--- Entries provided ---
BEGIN
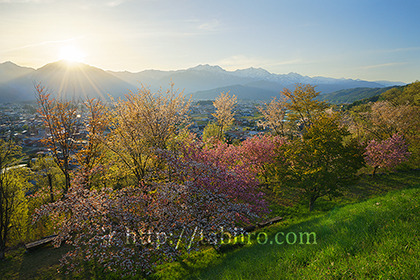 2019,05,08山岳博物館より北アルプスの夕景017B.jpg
END
BEGIN
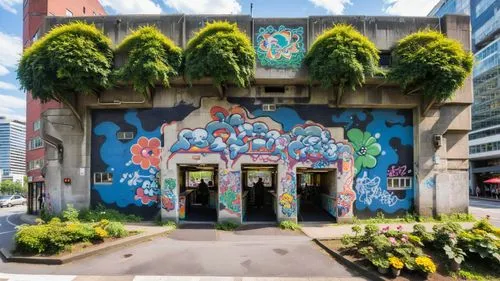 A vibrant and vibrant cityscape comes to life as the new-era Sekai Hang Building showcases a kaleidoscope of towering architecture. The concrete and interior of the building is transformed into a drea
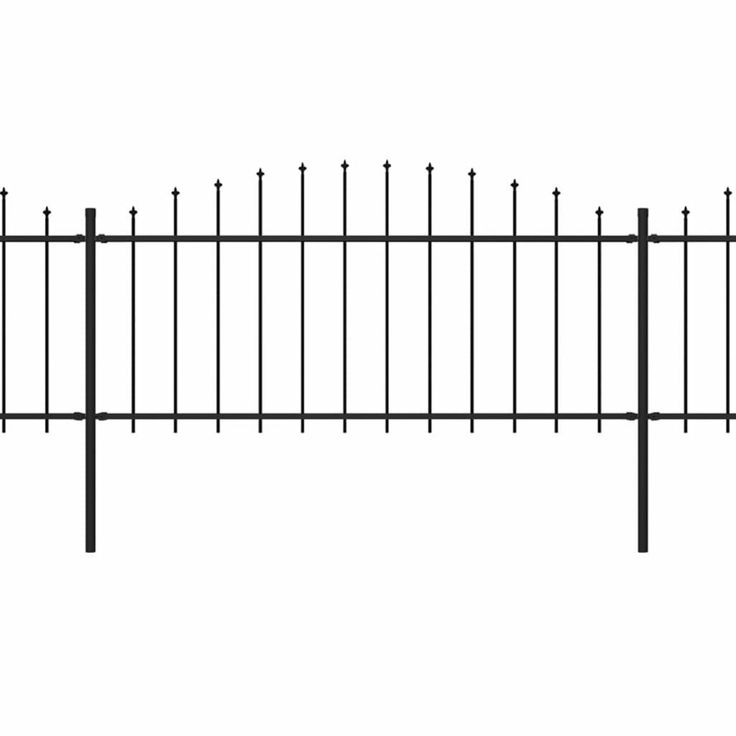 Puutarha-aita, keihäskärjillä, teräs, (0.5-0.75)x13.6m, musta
END
BEGIN
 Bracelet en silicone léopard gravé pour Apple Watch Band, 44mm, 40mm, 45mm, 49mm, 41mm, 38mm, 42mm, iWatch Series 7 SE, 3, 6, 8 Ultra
END
--- Work request ---
Starting from the line with "A vibrant and" in the records above, repeat each line exactly until you have written the line with "Puutarha-aita, keihäskärjillä, teräs, (0.5-0.75)x13.6m, musta", then stop; drop the pictures.

--- Solved exercise ---
 A vibrant and vibrant cityscape comes to life as the new-era Sekai Hang Building showcases a kaleidoscope of towering architecture. The concrete and interior of the building is transformed into a drea
 Puutarha-aita, keihäskärjillä, teräs, (0.5-0.75)x13.6m, musta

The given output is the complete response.